Hi, we just returned from St. John several weeks ago. Another idea would be to drive the five minute drive north of Cruz Bay and lunch at Caneel Bay.  They have two options at lunch: a rather pricey buffet or the restaurant which serves sandwhiches, burgers (very tasty) and salads.  The ambience is very nice at the more causal restaurant, both are near the beach, and the grounds are very beautiful and worth the trip. Good Luck.

----------


## ChipN

MikeR,
If you have a car try Skinny Legs in Coral Bay.  I assume you will be wanting to drive around the island and Coral Bay is on the Eastern End of the island, opposite where you will pick up your car in Cruz Bay.  Skinny Legs is a great old "hippy" place with good burgers, flying fish sandwiches, and excellent drinks.  On top of all that it is a great 1/2 way point on a tour of the island.
Chip

----------


## Jeanette

MikeR,

Given that I have enjoyed reading hundreds of your posts about St. Barths, I would be very safe in assuming that you would LOVE Skinny Legs and are not the Caneel Bay type.  Skinny Legs is as close as you can get to a true Le Select feel while on St. John (with GREAT burgers) and Caneel Bay, while lovely, would remind you of a lunch at Isle de France.  If you are looking more toward a leisurely "resort-type" lunch with a truly magnificent view for your mom, then by all means take her to Caneel Bay.  The Lime Inn and Fish Trap are both terrific recommendations if you want to eat right in "town."  As noted, Skinny Legs is on the other side of the island from Cruz Bay.

Enjoy your day on St. John.  It is a glorious, pristine island.

Jeanette

----------


## MIke R

well Jeanette thank you for your response...but this thread is a year old!!....we ate at the Lime Inn and it was very nice..however, coincidentally....we will be on St John's again  on April 4th and will check out the  Caneel Bay..Skinny Legs is more me but with Mom in tow...concessions must be made....having lived in St coix for some time I have been in love with St John for a while,..there are few better beaches to found anywhere

----------


## Eric

Jeanette or ChipN,
Did Skinny Legs used to be the Don Carlos Mexican Seafood Cantina?
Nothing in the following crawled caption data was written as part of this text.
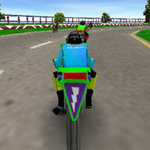 3D Moto Racing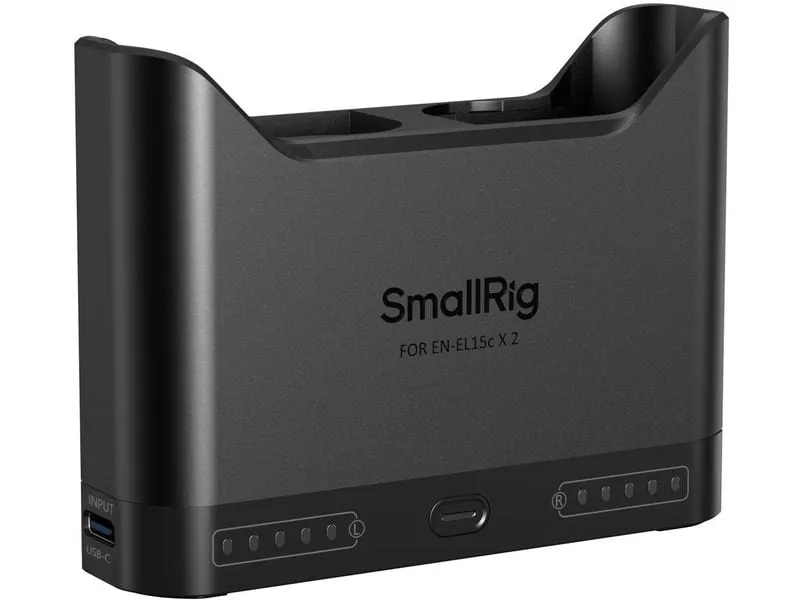 Smallrig Ladegerät Nikon EN-EL15c Smallrig Ladegerät Nikon EN-EL15c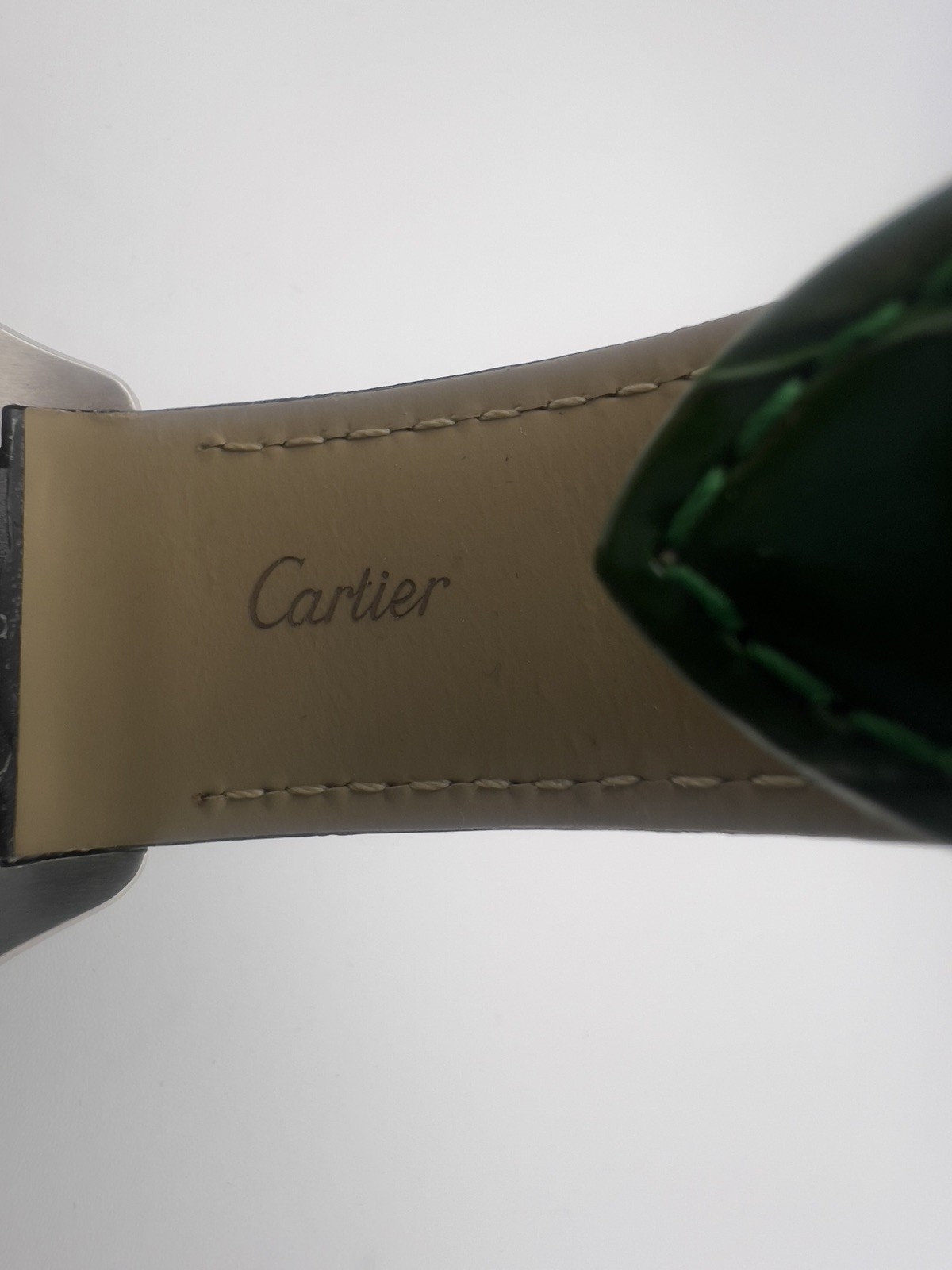 Cartier Santos 100 Ref. 2656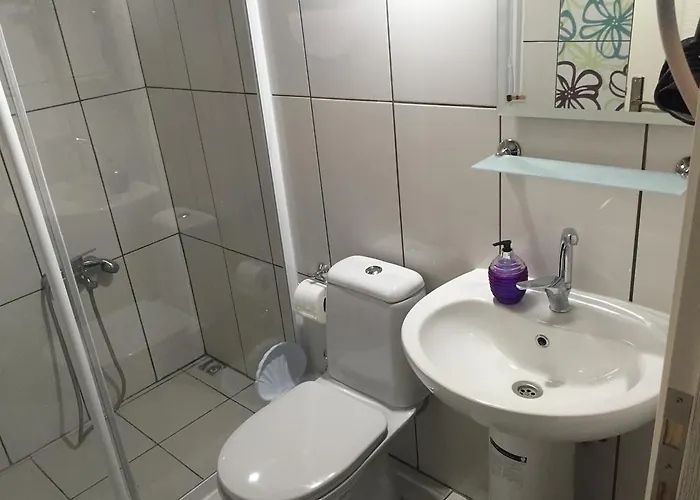 Zeytin Cicegi 호텔 *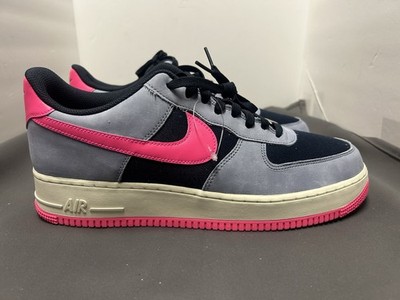 Nike Air Force 1 07 LX Dark Obsidian Blue-Pink Men s Sz 13 [FB8876-401]. New!!!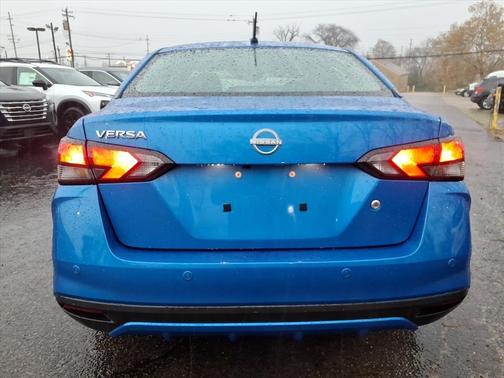 2024 Nissan Versa S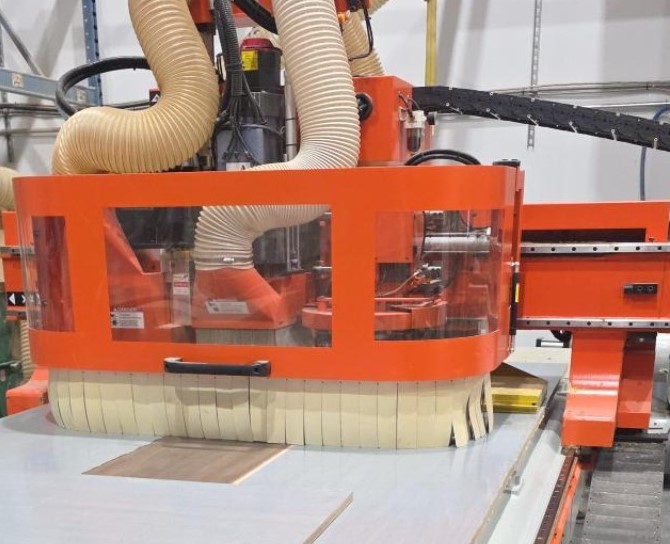 Onitech / Omnitech / Anderson Group Selexx Group #Selexx/Pal, CNC router, complete production package, 2016 - Image 4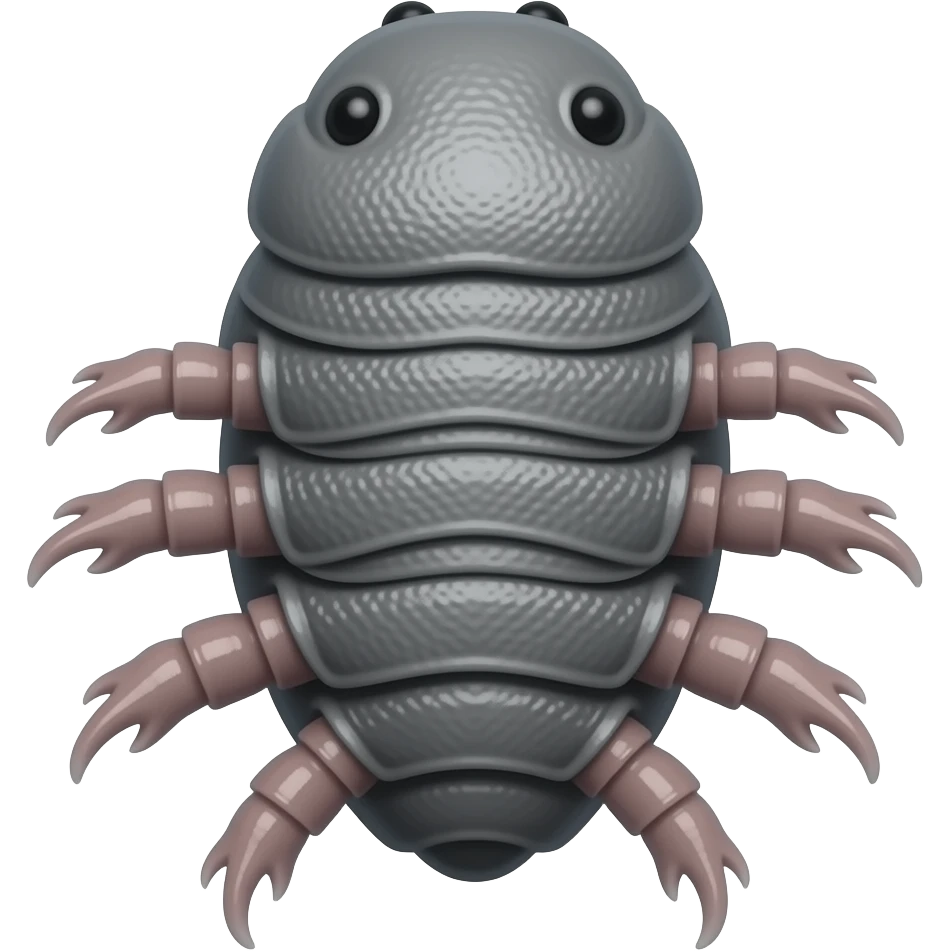 TARDIGRADE emoji
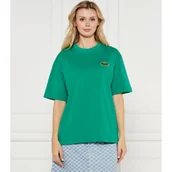 Koszulki męskie - Lacoste T-shirt | Loose fit - miniaturka - grafika 1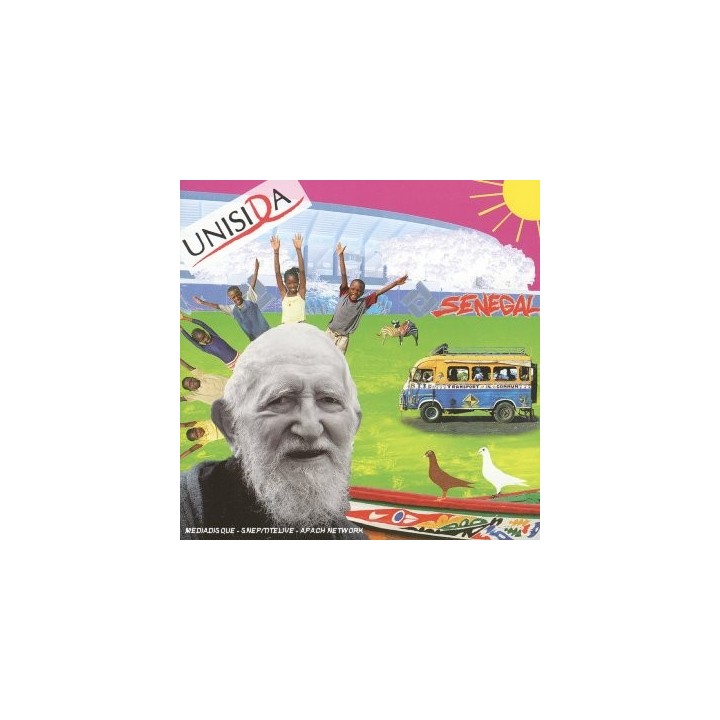 Unisida-la Maison du Bonheur [Import]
My father in law &amp; I had lunch there once...great location.
Eric

----------


## ChipN

Eric,
Sorry about the delay in replying.  I just got down to this forum for the first time in awhile.  Not sure about Skinny Legs being the place you referenced.  I do know that it has been Skinny Legs for at least 15 years.  It is in Coral Bay very close to the harbour.  Hope that helps.
ChipN

----------